Access result of neural net on GPU (using CUDA) without transfer to host

vellamike · April 10, 2018, 3:42pm

I have a network which outputs a large tensor, I would like to use CUDA to do some post-processing on the result of this network without round-tripping the data to host memory. Is this possible with PyTorch? Any pointers would be appreciated.

albanD · April 10, 2018, 3:54pm

Hi,

If your network outputs a cuda tensor, then you can just use it as is.
If you don’t send the tensor to the cpu explicitly or print or assign it’s value to a cpu tensor, it will stay on the gpu.

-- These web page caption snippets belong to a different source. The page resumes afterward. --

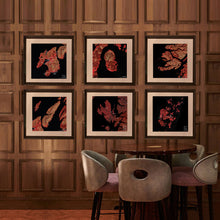 Load image into Gallery viewer, Founder's Club Island of Scotland Collection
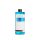 Șampon auto FX Protect Arctic Ice 1L – pH ușor acid, finish impecabil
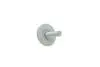 Комплект ГРМ Citroen Berlingo/Jumpy/Peugeot Partner 1.6HDI/Fiat Scudo 2.0D 08- (25.4x141z) CONTINENTAL Contitech CT1162K5 (фото 12)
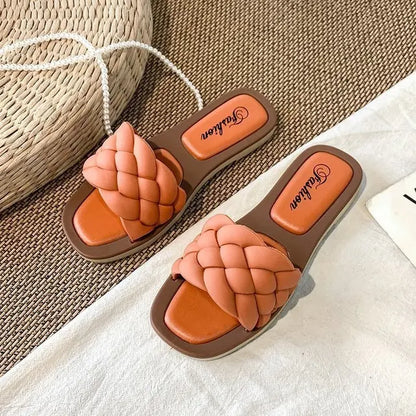 Zapatos ortopédicos relajados y elegantes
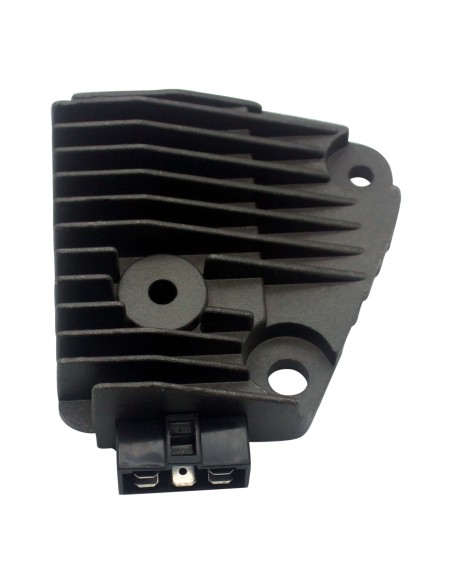 Regulator Rectifier Yamaha 125 Virago 250 Virago 250 VStar OEM 3DM-81960-00-00 3DM-81960-01-00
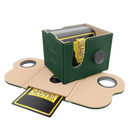 Dragon Shield Dragon Lock System - Dragon Box 100+ & Dragon Vault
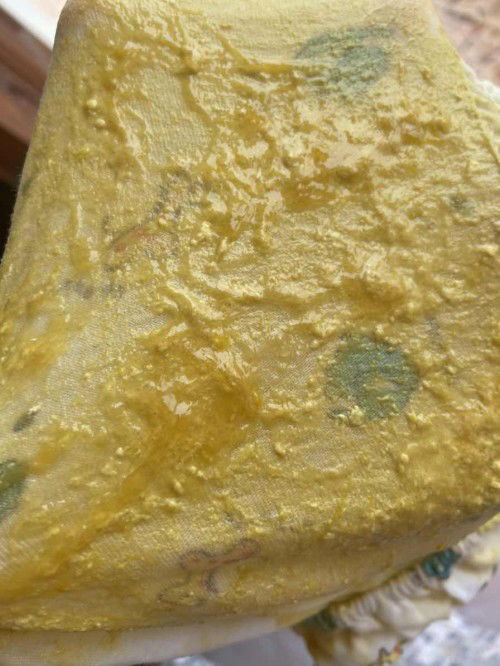 ลูก3เดือน 7วัน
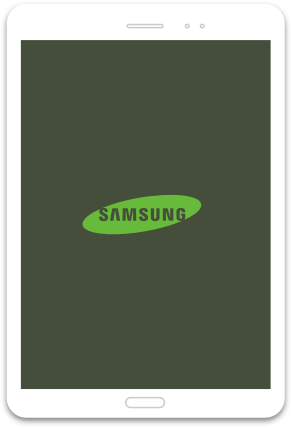 Cell Clinic 291x428 Cell Clinic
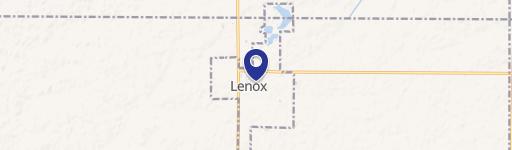 Lenox, IA 50851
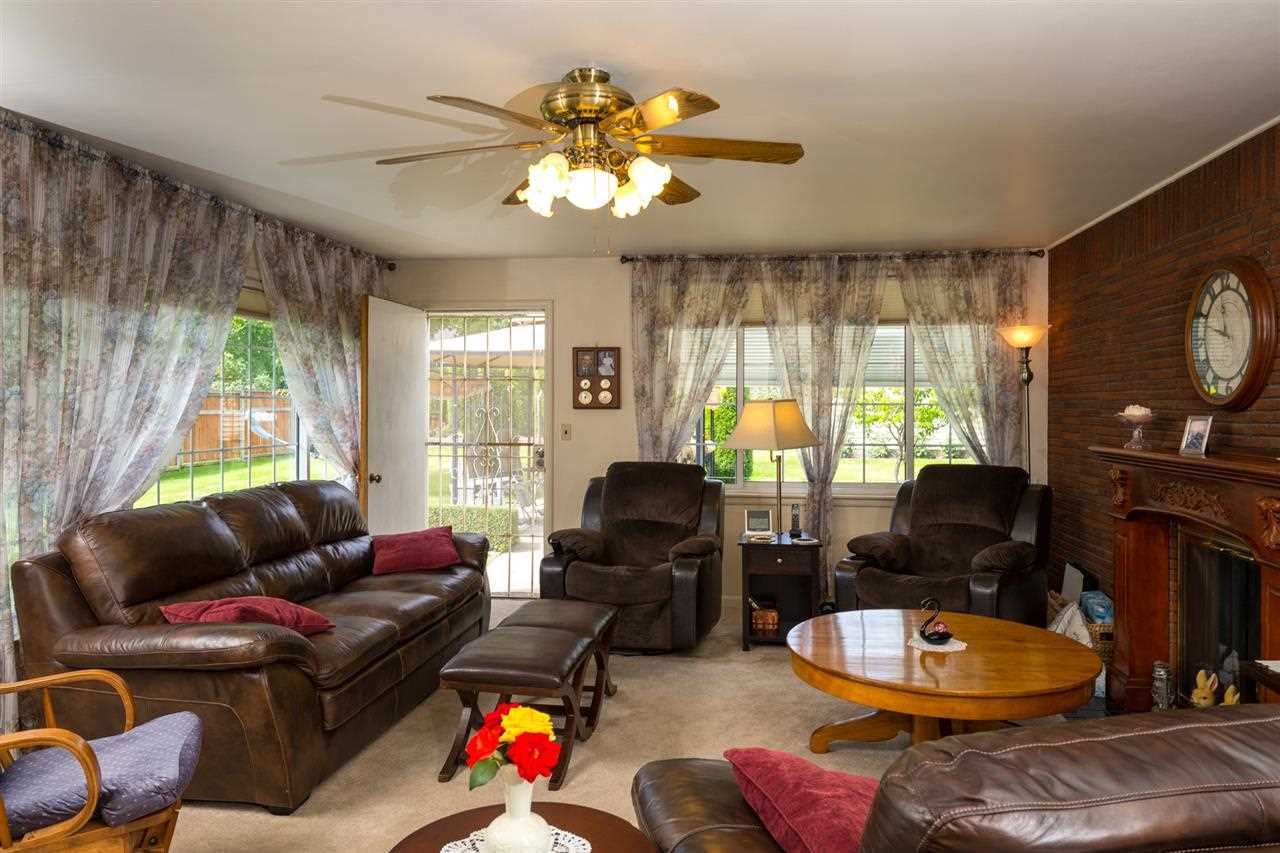 4018 S Lamonte St - Photo 4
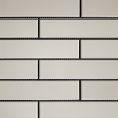 2X8-BRICK-LIGHT-MINK-MATTE.jpg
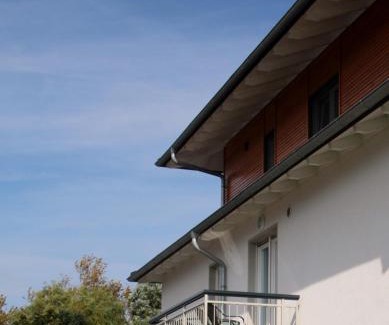 Ostseebad Dierhagen Apartment | "Kajüte 4" V6W4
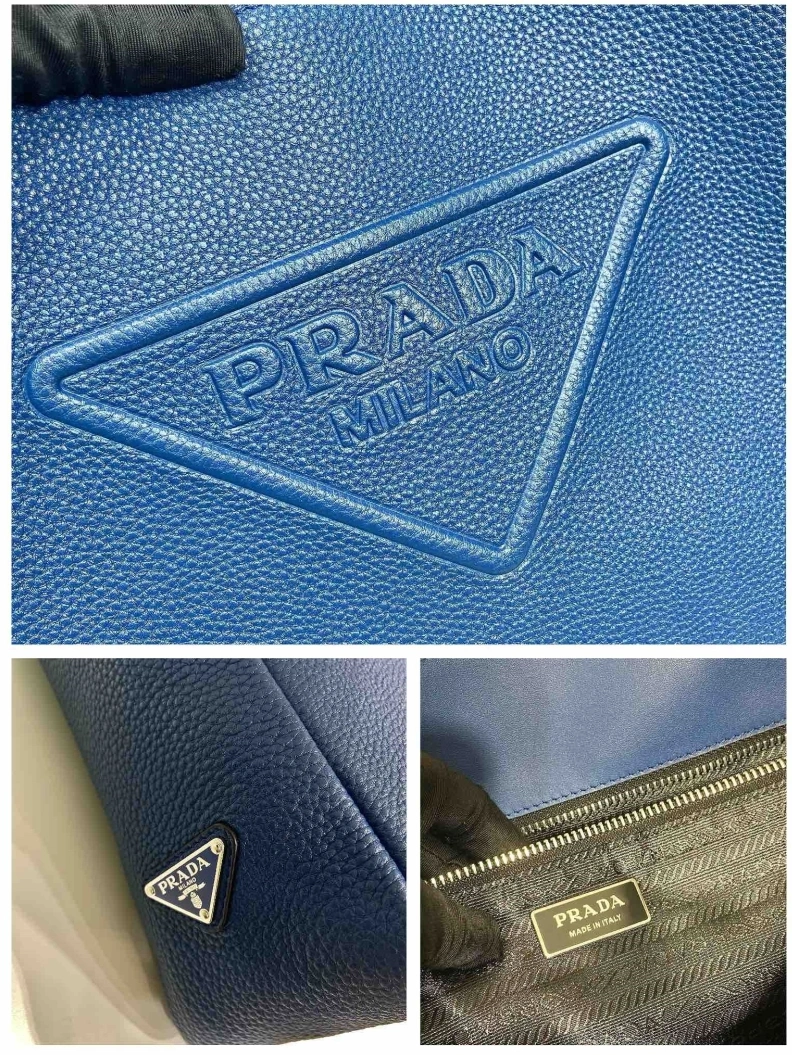 EasyMatch Prxdx Shopping Bags 54288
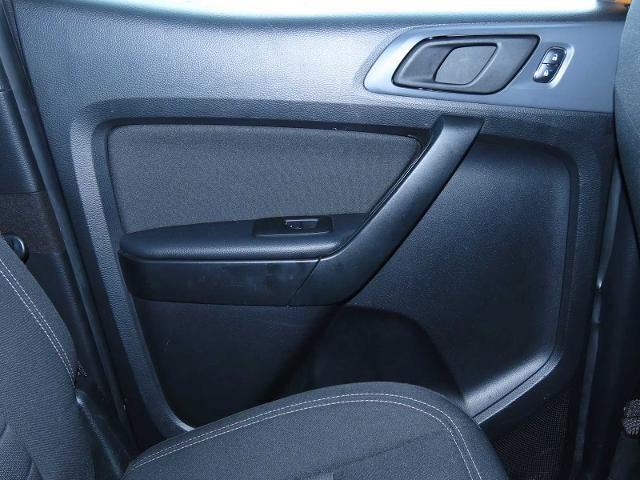 Certified 2019 Ford Ranger XL w/ Equipment Group 101A Mid image 24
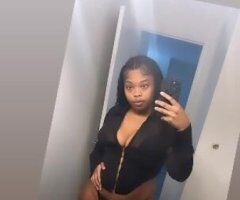 Salt Lake City escorts - HERE FOR THE WEEKEND ‼$ Outcall $ Carfun 💕
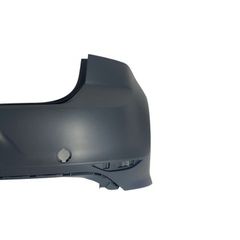 Body kit Vw Golf 7 - R20 Design - PX-BK-204-thumb-14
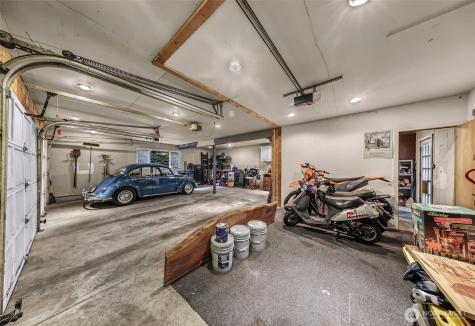 12214 NE 97th Street Kirkland WA 98033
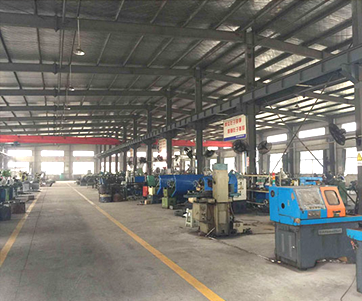 止水螺栓廠(chǎng)家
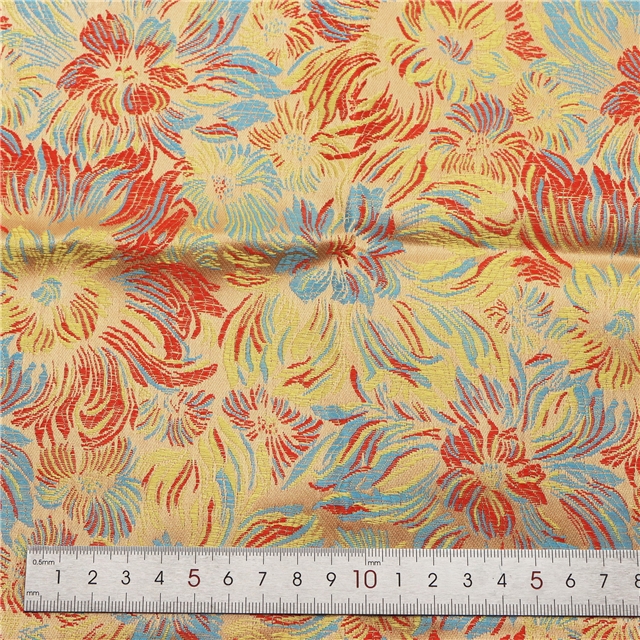 50*90cm(19.7*35.4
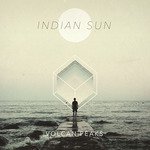 Indian Sun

vellamike · April 10, 2018, 4:18pm

Thanks for the quick reply @albanD. Does this mean that if I have a cuda tensor I can just pass it as an argument to a pyCuda kernel and it would just behave as a PyCuda DeviceAllocation object? Or do I have to do something else?

e.g

a = torch.LongTensor(10).fill_(3).cuda
myCudaFunc(a,
block=BLOCK_DIMS,
grid=GRID_DIMS)

vellamike · April 10, 2018, 4:20pm

Looks like this is indeed possible: https://gist.github.com/szagoruyko/440c561f7fce5f1b20e6154d801e6033

Really interesting, this seems to be easier than the equivalent with tensorflow.

albanD · April 10, 2018, 4:23pm

Yes exactly if you’re using pycuda, this is the way to go.
If you use other custom stuff, you can access the cuda pointer pointing at your data with t.data_ptr() (you can see how it’s used in the gist you linked).